Am 9. November 1938 brannten in Deutschland die Synagogen. Es war der Prolog zu einem Menschheitsverbrechen. Einige der letzten Zeitzeugen erinnern sich.

In ganz Deutschland brannten heute vor 80 Jahren die Synagogen. Am Tag danach begann der Abbruch der jüdischen Gotteshäuser. Wenige Jahre später begann der Holocaust, bei dem sechs Millionen Juden getötet wurden. Zeitzeugen gibt es nur noch wenige. Am Donnerstagabend sprach einer von ihnen in Leipzig:

Unabhängig davon, wie weit von uns entfernt die Pogromnacht ist, spüren wir das damalige Feuer bis heute. Noch immer verbrennt es unsere Herzen.

Es spricht Küf Kaufmann, der Vorsitzende der israelitischen Gemeinde in Leipzig. Er stammt wie viele Juden in Deutschland aus der ehemaligen Sowjetunion. Deutsche Juden gibt es auch heute in Leipzig nicht so viele. Die Botschaft aus dieser Zeit vor 80 Jahren laute, so Küf Kaufmann: «Vergiss es nicht! Und wir werden diese Nacht nie vergessen.»

Eine Schreckensbilanz

«Reichskristallnacht» nannten die Nationalsozialisten das Pogrom, als ob bloss einige Kristallgläser reicher Juden in die Brüche gegangen seien. Der Dresdner Historiker Daniel Ristau hat sich mit der Nacht im Detail befasst.

Er zieht Bilanz: «Ungefähr 30'000 Männer wurden verhaftet und in die Konzentrationslager gebracht. Direkt Opfer der Pogrome wurden rund 400 Menschen.» Unzählige mehr starben in der Folge in Konzentrationslagern, rund 1400 Synagogen und mehrere tausend Geschäfte wurden zerstört.

Bronzene Stuhlreihen
Legende: Leere, bronzene Stühle als Denkmal für die zerstörte grosse Gemeindesynagoge an der Gottschedstrasse in Leipzig. SRF/Peter Voegeli

Rolf Isaacsohn, Ehrenvorsitzender der israelistischen Gemeinde, hat die Ereignisse als Fünfjähriger miterlebt. In der Nacht vom 9. auf den 10. November erwacht er, weil es draussen lärmt: «Ich stehe auf und sehe, wie meine Mutter am Küchenfenster steht.» Die Erinnerungen sind bruchstückhaft. Dumpfe Schläge, klirrendes Glas, Dunkelheit.

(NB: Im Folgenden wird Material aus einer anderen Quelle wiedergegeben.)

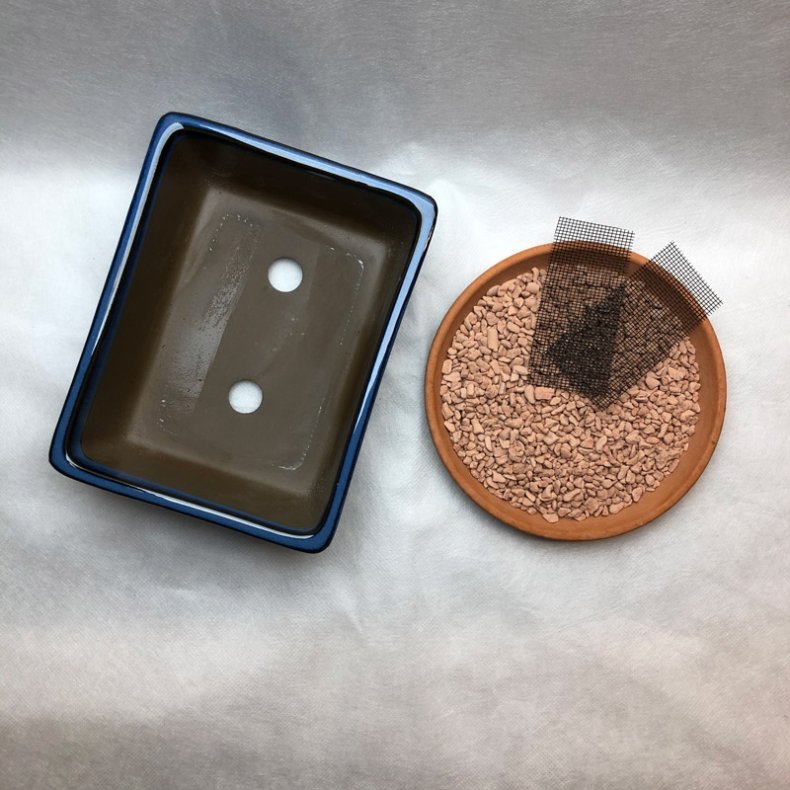 Bonsai-skle, JAP-3ST, glaseret, rektangulr, kongebl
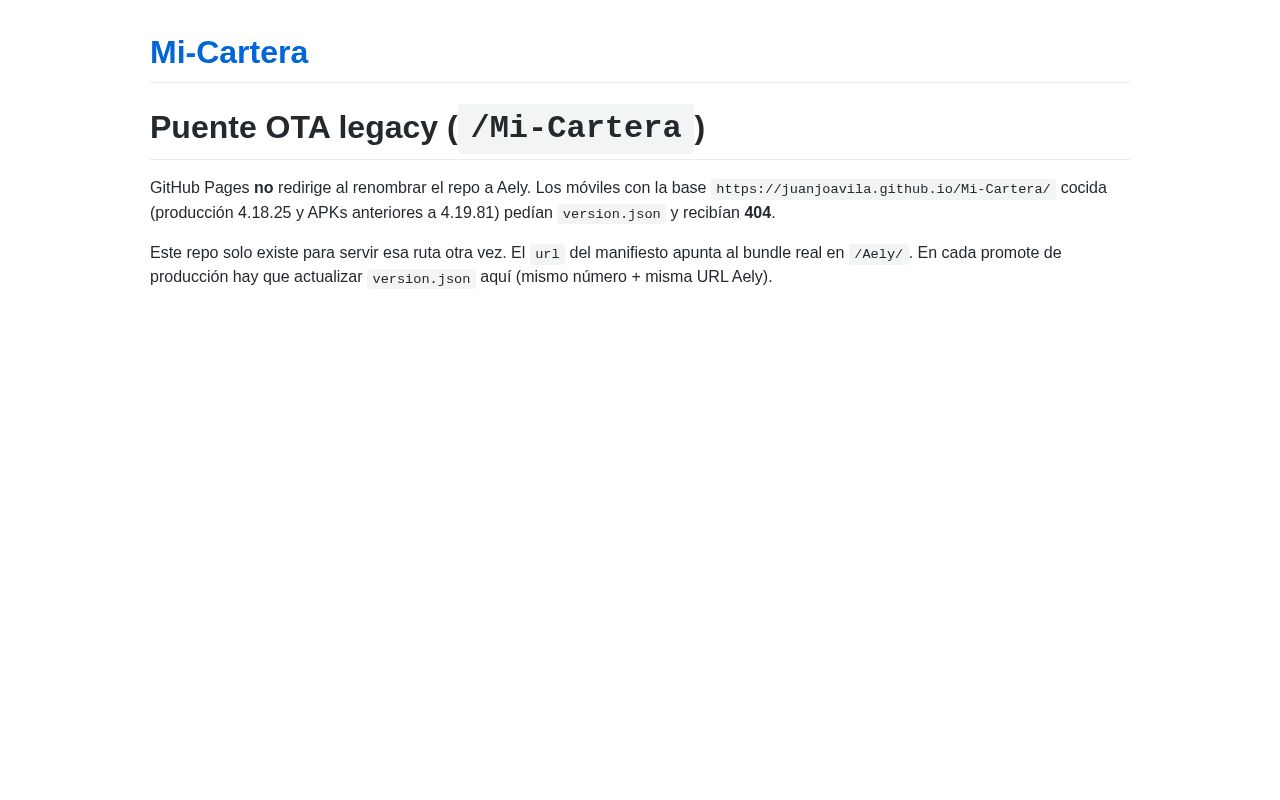 Preview of Puente OTA legacy: Pages en /Mi-Cartera para clientes pre-Aely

Wenn der Nachbar einfach verschwindet

Am nächsten Morgen späht Isaacsohn hinter den Gardinen nach draussen. «Meine Mutter warnte mich noch: Mach nicht so mit den Gardinen rum, das muss niemand sehen, dass wir in der Wohnung sind!» Auf der anderen Strassenseite sah er den Hausmeister.

«Der Herr Gewürzmann, ein grosser, kräftiger Mann. Ich sah, wie er aus dem Haus gezerrt und in ein Auto verfrachtet wurde. Dann war er weg.» Der Hausmeister sei nie wieder aufgetaucht. «Erst sehr viel später haben wir erfahren, dass seine Urne auf unserem Friedhof beigesetzt worden ist.»

Rolf Isaacsohn
Legende: Der 85-jährige Ehrenvorsitzende der israelitischen Gemeinde zu Leipzig, Rolf Isaacsohn, hat die Pogromnacht von 1938 als Fünfjähriger erlebt. Er steht vor einem Bild eines ausgebrannten, jüdischen Kaufhauses. SRF/Peter Voegeli

Später geht Isaacsohn mit seiner Mutter zur ausgebrannten Synagoge in der Gottschedstrasse: «Eine riesige Menschenmenge stand an der Kreuzung. Stille, Ruhe, keine Schreie, nichts. Trotzdem war es sehr beklemmend.» Am Nachmittag sehen sie, wie Juden am Grund eines gemauerten Kanals des Flüsschens Parthe zusammengetrieben werden.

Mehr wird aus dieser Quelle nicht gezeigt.